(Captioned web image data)
-=-=-=-=-

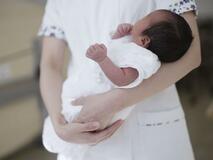 出生数、１０年連続で最少更新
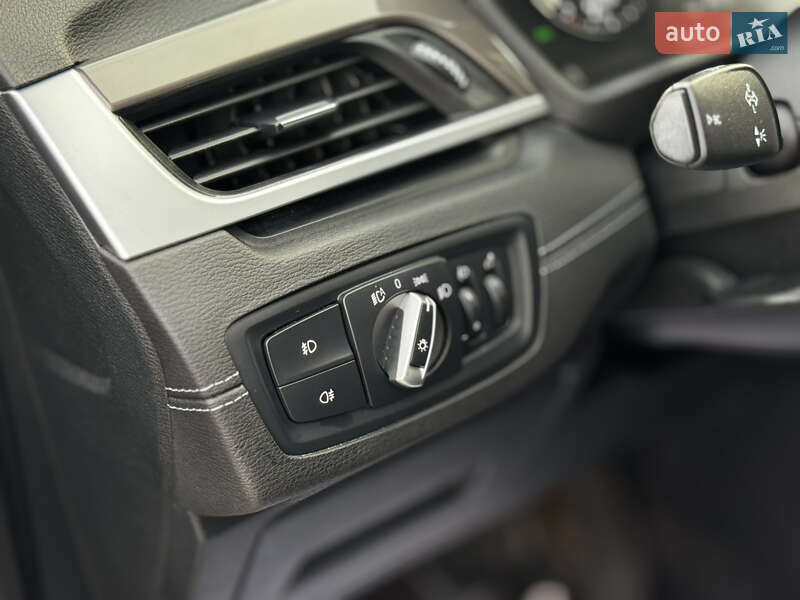 Внедорожник / Кроссовер BMW X1 2019 в Дрогобыче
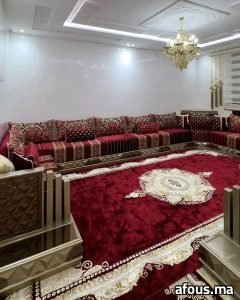 Salon marocain à sedari rouge et or et tapis à médaillon — Casablanca
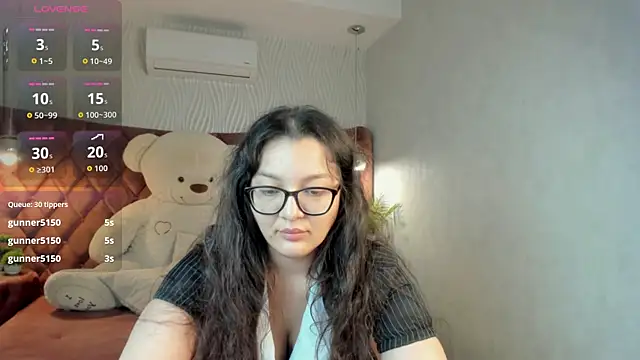 ZarifaBev online show from December 1, 3:33 am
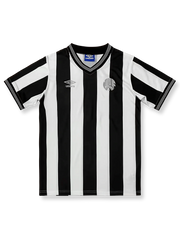 1983年シーズンのニューカッスルホームユニフォーム、ケヴィン・キーン着用の伝統的サッカージャージ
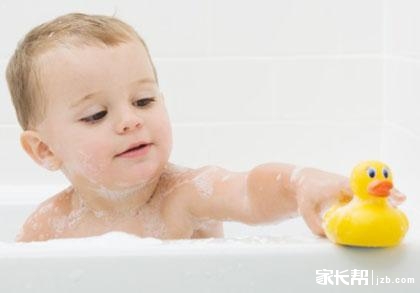 乱用成人护肤品宝宝小脸易过敏_广而告之-全国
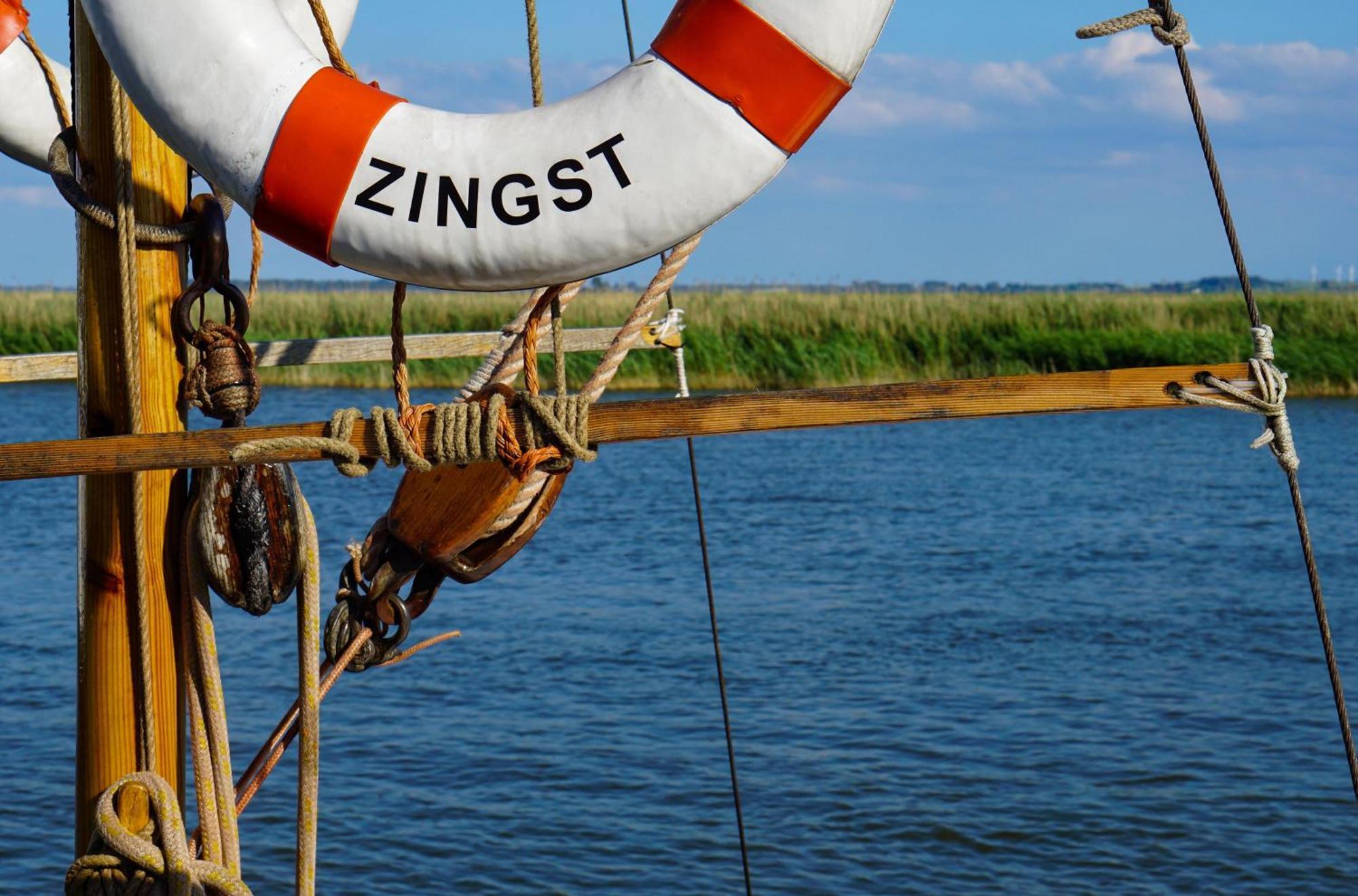 Leuchtturm An Der Seebruecke Zingst Kültér fotó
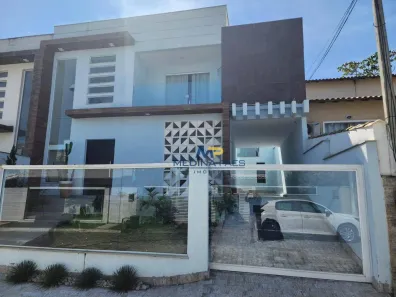 Casa de Condomínio com 3 Quartos à venda, 190m² no Arsenal, São Gonçalo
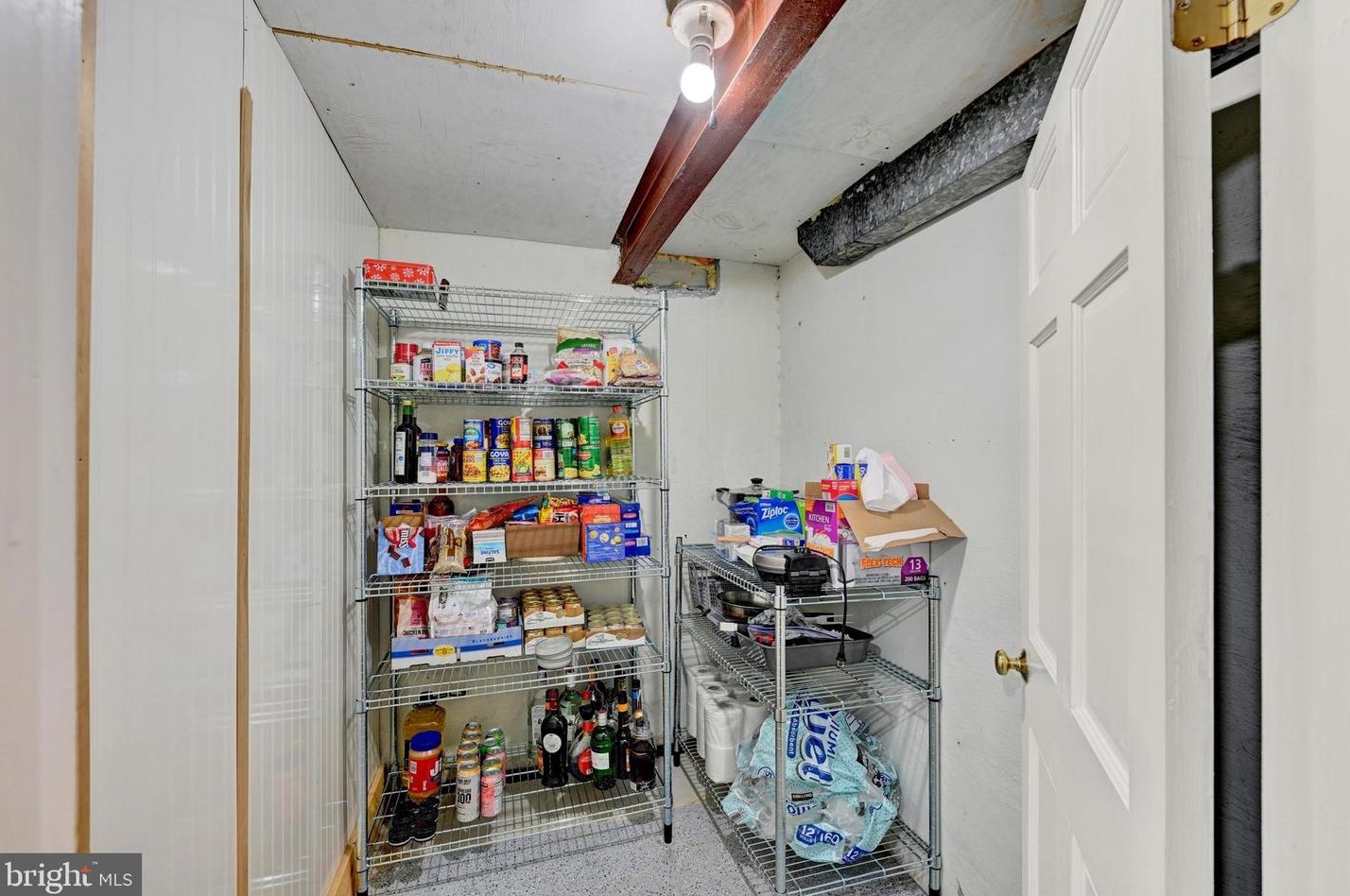 8710 Maravoss Ln, Baltimore MD  21234-4726 exterior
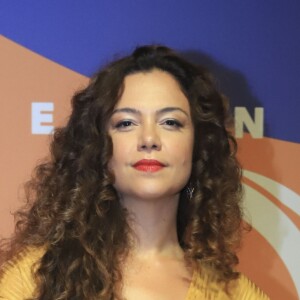 Carol Fazu posa na festa de lançamento da nova novela "Segundo Sol", que aconteceu dia 8 de maio de 2018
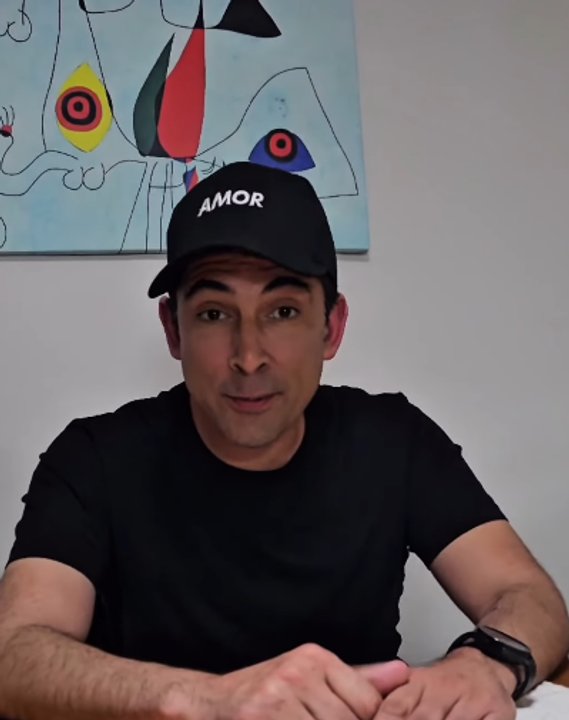 Con una gorra con la palabra amor, el dueño de la panadería de Comodoro clausurada por presencia de ratas contó su versión: se trata de…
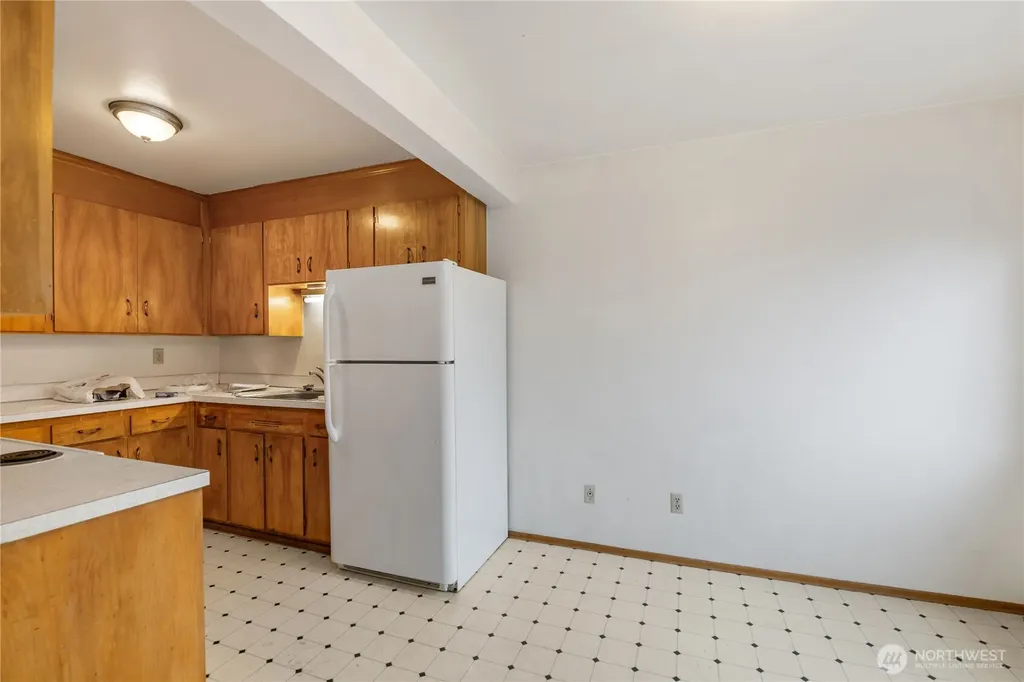 14520 Phinney Avenue N Shoreline WA 98133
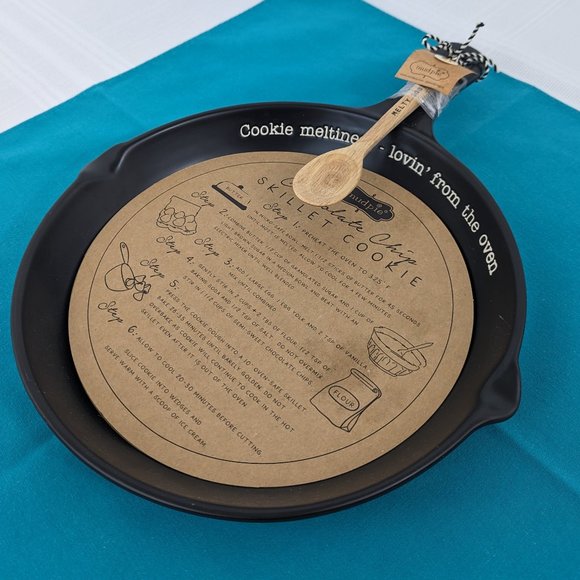 Mud Pie Other - Mud Pie cookie skillet - brand new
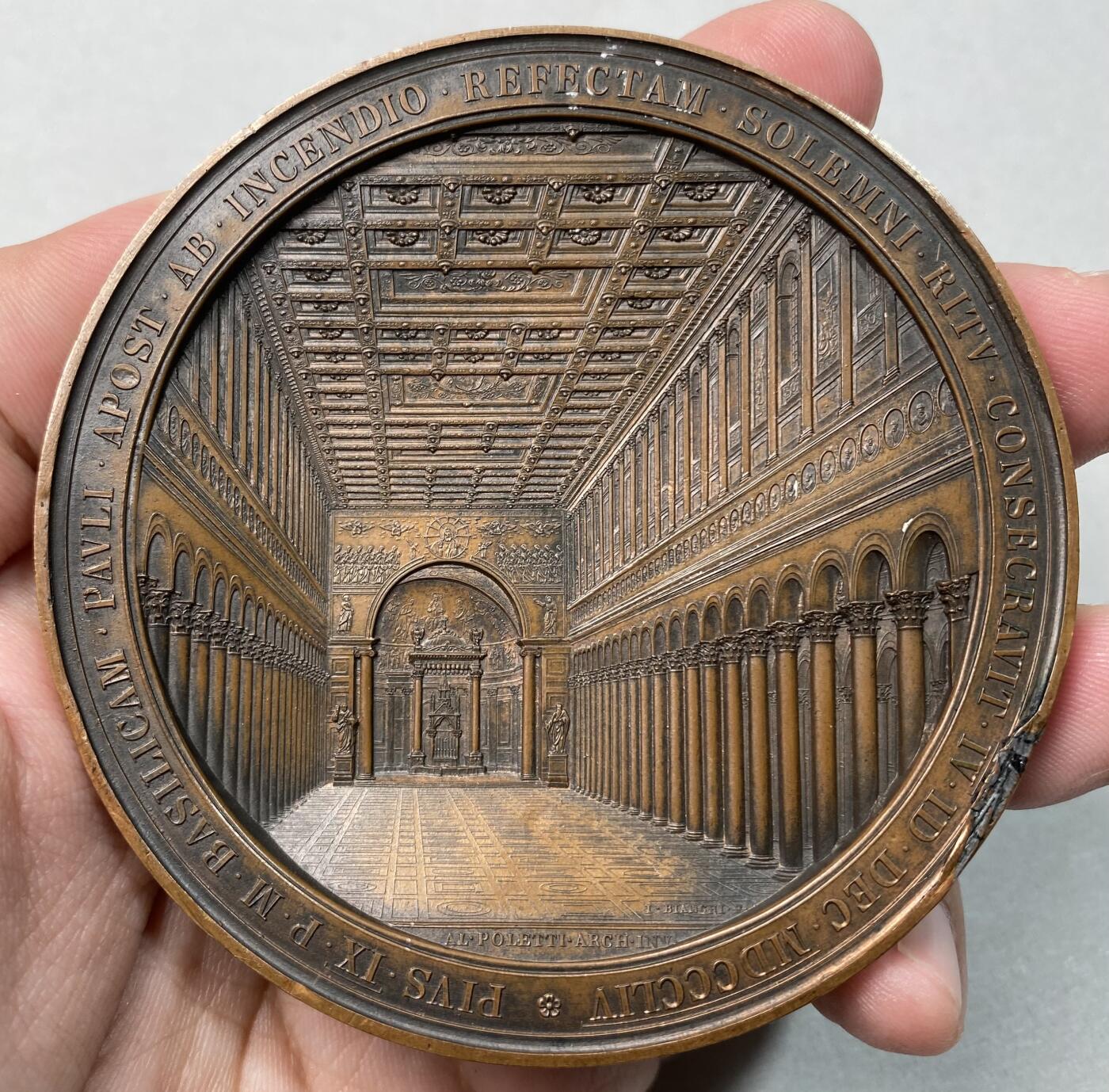 万国钱币拍卖第055期 1861年教宗国庇护九世圣保罗大教堂内部景观大铜章 凹面工艺超大规格 名誉品种 有较为明显的透视工艺 边有类似铸缺的工艺问题 欧洲拍卖会极贵的稀少品种 280g 80mm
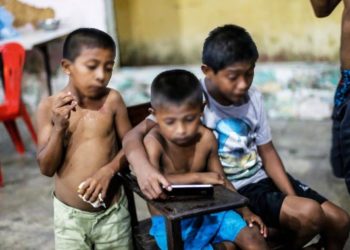 Semec alinha medidas para alfabetizar crianças venezuelanas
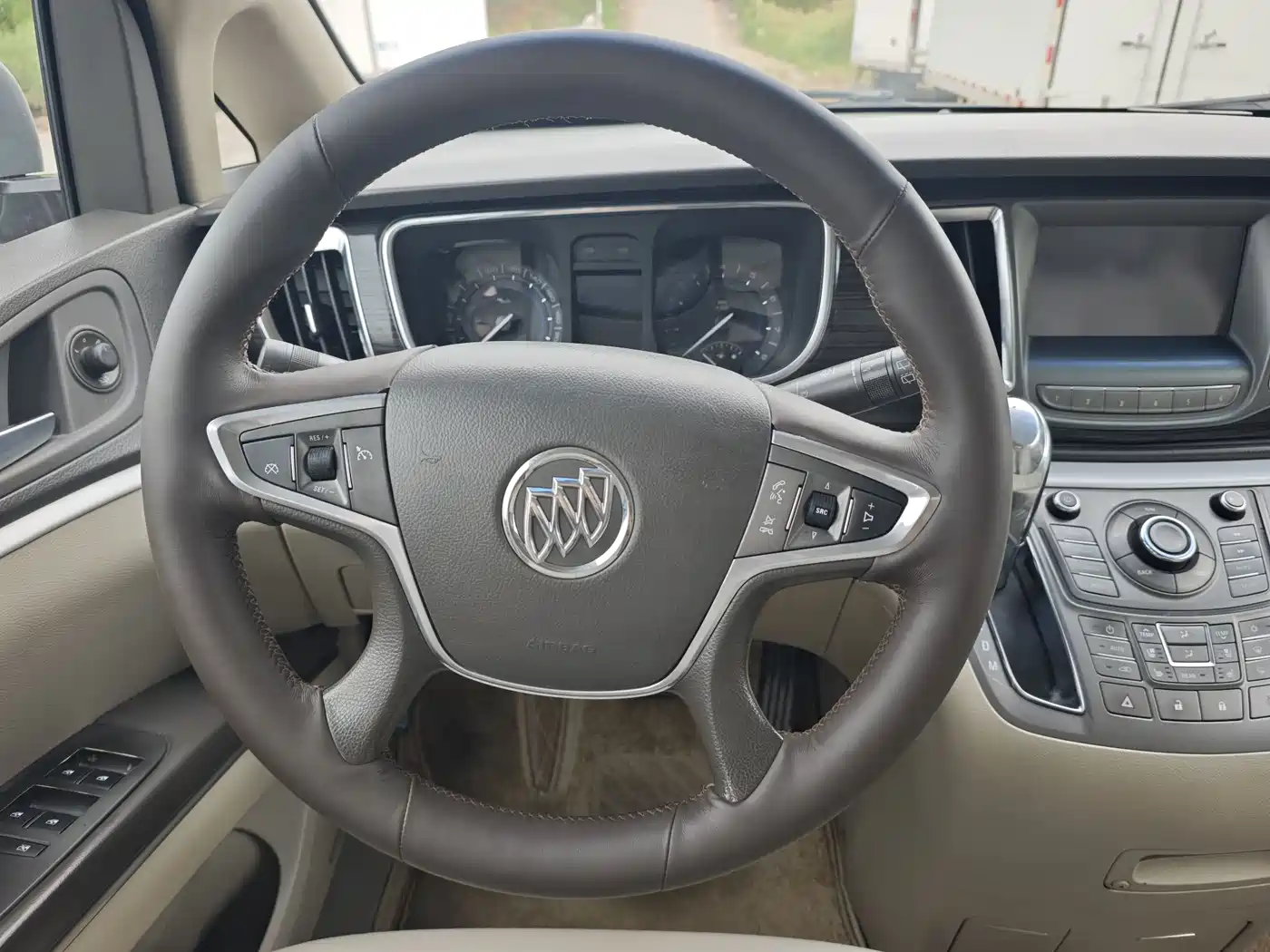 Buick GL8 2013 3.0L XT Luxury Business Flagship Edition фото 8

-=-=-=-=-

◆ What you need to do ◆
Beginning at the line that contains "Salon marocain à", give the remaining lines of the records again exactly, through the last one. Leave out pictures.

◆ Result for this task ◆
 Salon marocain à sedari rouge et or et tapis à médaillon — Casablanca
 ZarifaBev online show from December 1, 3:33 am
 1983年シーズンのニューカッスルホームユニフォーム、ケヴィン・キーン着用の伝統的サッカージャージ
 乱用成人护肤品宝宝小脸易过敏_广而告之-全国
 Leuchtturm An Der Seebruecke Zingst Kültér fotó
 Casa de Condomínio com 3 Quartos à venda, 190m² no Arsenal, São Gonçalo
 8710 Maravoss Ln, Baltimore MD  21234-4726 exterior
 Carol Fazu posa na festa de lançamento da nova novela "Segundo Sol", que aconteceu dia 8 de maio de 2018
 Con una gorra con la palabra amor, el dueño de la panadería de Comodoro clausurada por presencia de ratas contó su versión: se trata de…
 14520 Phinney Avenue N Shoreline WA 98133
 Mud Pie Other - Mud Pie cookie skillet - brand new
 万国钱币拍卖第055期 1861年教宗国庇护九世圣保罗大教堂内部景观大铜章 凹面工艺超大规格 名誉品种 有较为明显的透视工艺 边有类似铸缺的工艺问题 欧洲拍卖会极贵的稀少品种 280g 80mm
 Semec alinha medidas para alfabetizar crianças venezuelanas
 Buick GL8 2013 3.0L XT Luxury Business Flagship Edition фото 8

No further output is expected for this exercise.